MENSCHEN

Harmonie von Natur, Kultur und Technik

TU-Studierende entwarfen ein Schul- und Kulturzentrum in Peru - Heimische Baustoffe und traditionelle Bauweise waren Bedingung

Der Sieger-Entwurf von TU-Student David Knoke bietet Platz für ungefähr 70 Kinder, 10 ältere Menschen sowie 10 Lehrer und Betreuer

"Kreativität ist nicht an einen Überfluß an Mitteln gebunden. Eher das Gegenteil ist der Fall!" heißt es in einem Standardwerk für einfache Bauweise.
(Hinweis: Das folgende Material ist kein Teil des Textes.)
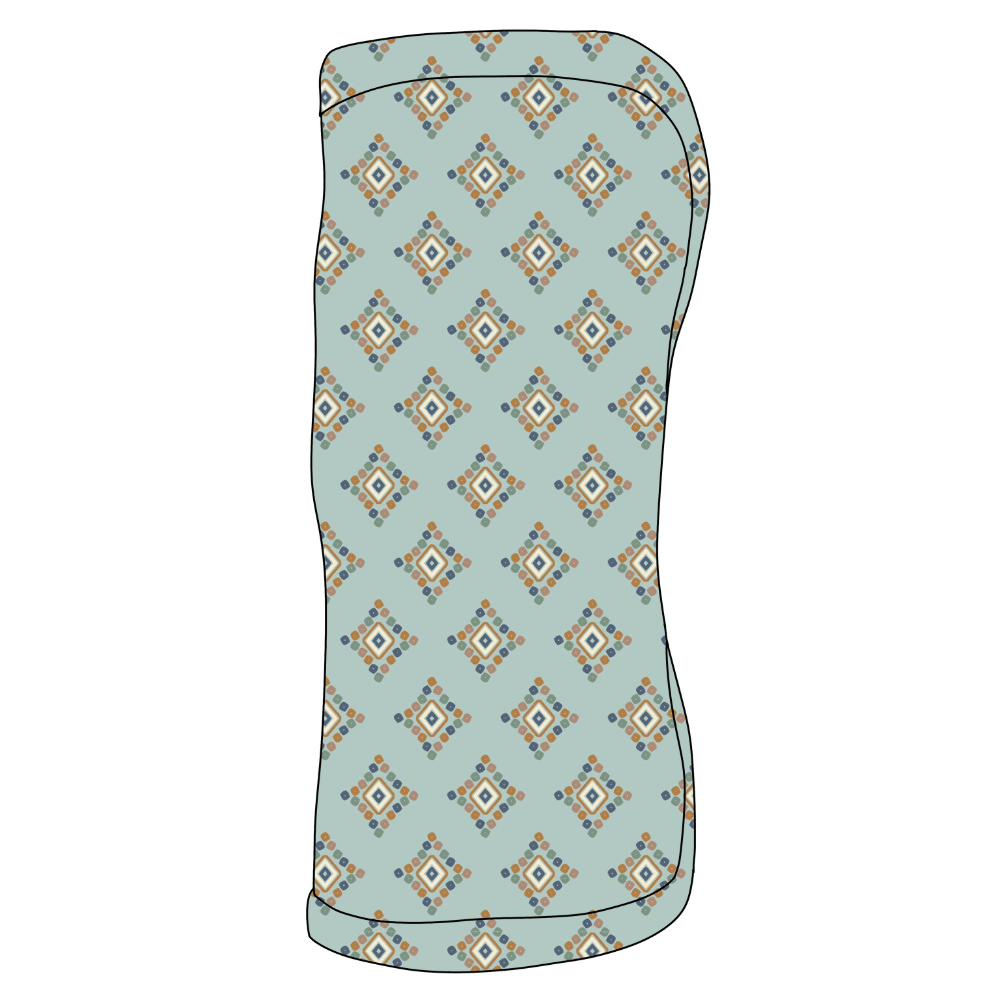 Baby swaddle blanket with a surf-themed motif print, spread flat to show the square shape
Unter dieses Motto könnte man den Wettbewerb stellen, an dem rund ein Dutzend Oberstufenstudierende des Faches Architektur der Technischen Universität Berlin teilnahmen.

Die regierungsunabhängige peruanische Hilfsorganisation "Yachay" wandte sich an das Institut für Entwerfen, Baukonstruktion und Städtebau: Den Studierenden wurde die Aufgabe gestellt, ein Schul- und Kulturzentrum für Straßenkinder und "obdachlose Betagte" im Urubambatal nahe Cuzco (Peru) zu entwerfen. Der Herausforderung stellten sich rund ein Dutzend Studierende der TU Berlin, die von Professor Josef Krawina betreut wurden. Das Reizvolle für die Studierenden war vor allen Dingen, die Aussicht darauf, daß der beste Vorschlag realisiert wird.
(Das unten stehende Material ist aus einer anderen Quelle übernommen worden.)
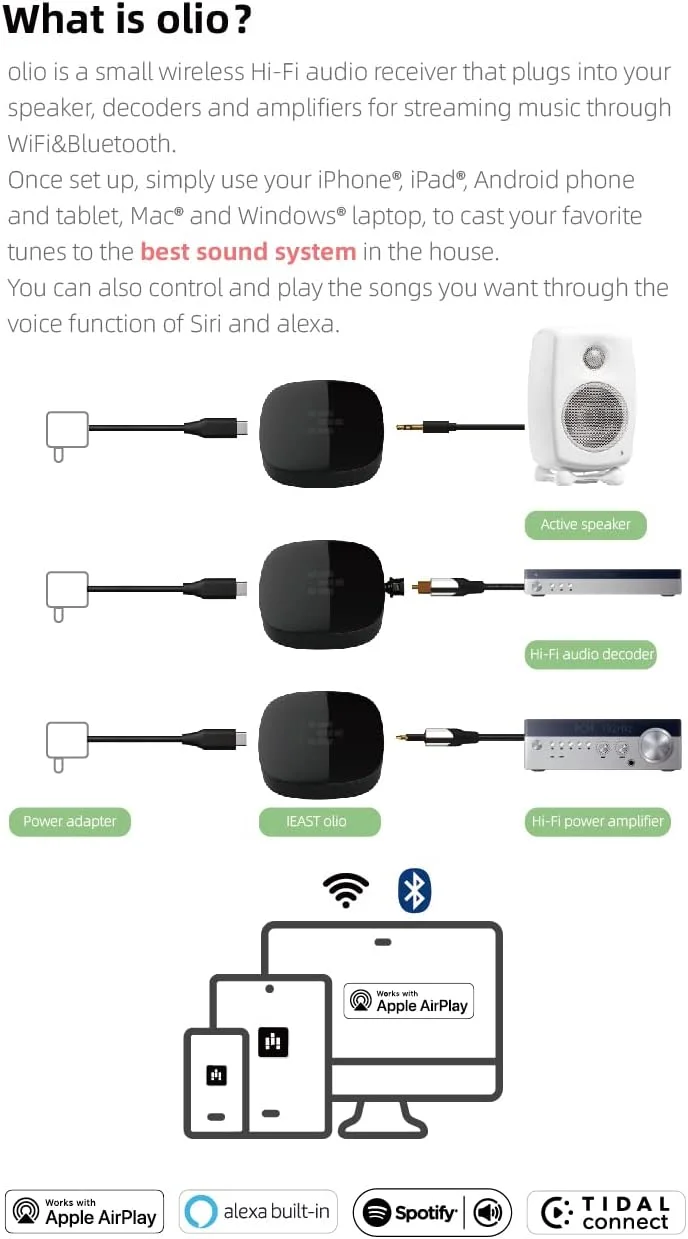 آداپتور گیرنده صوتی استریمینگ Ieast Olio AirPlay 2، سازگار با سیری، وای فای و بلوتوث، Spotify و Tidal Connect Direct، چند اتاقه و چند منطقه ای، پشتیبانی از صدای Hi-Res با کیفیت 192khz/24bit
Daß vielleicht schon bald das von ihm entworfene Gebäude gebaut wird, darauf kann sich TU-Student David Knoke freuen. Sein Entwurf wurde von einer internationalen Jury aus Professoren, Spendenvertretern und Vertretern von Yachay als bester bewertet.

TRADITIONELLE BAUWEISEN

Im Gegensatz zu vergleichbaren Projekten andererer Hilfsorganisationen wurden von Yachay beim Entwurf des Zentrums einige wichtige Prämissen vorgegeben: Das geringe Budget, das sowohl beim Bau, als auch bei der Instandhaltung und den Betriebskosten zur Verfügung steht, zwang dazu, vorwiegend auf einfache, heimische Baustoffe zurückzugreifen. Damit war gleichzeitig eine weitere Voraussetzung erfüllt, nämlich die, an die traditionelle präkolumbianische (Inka-) Bauweise anzuknüpfen.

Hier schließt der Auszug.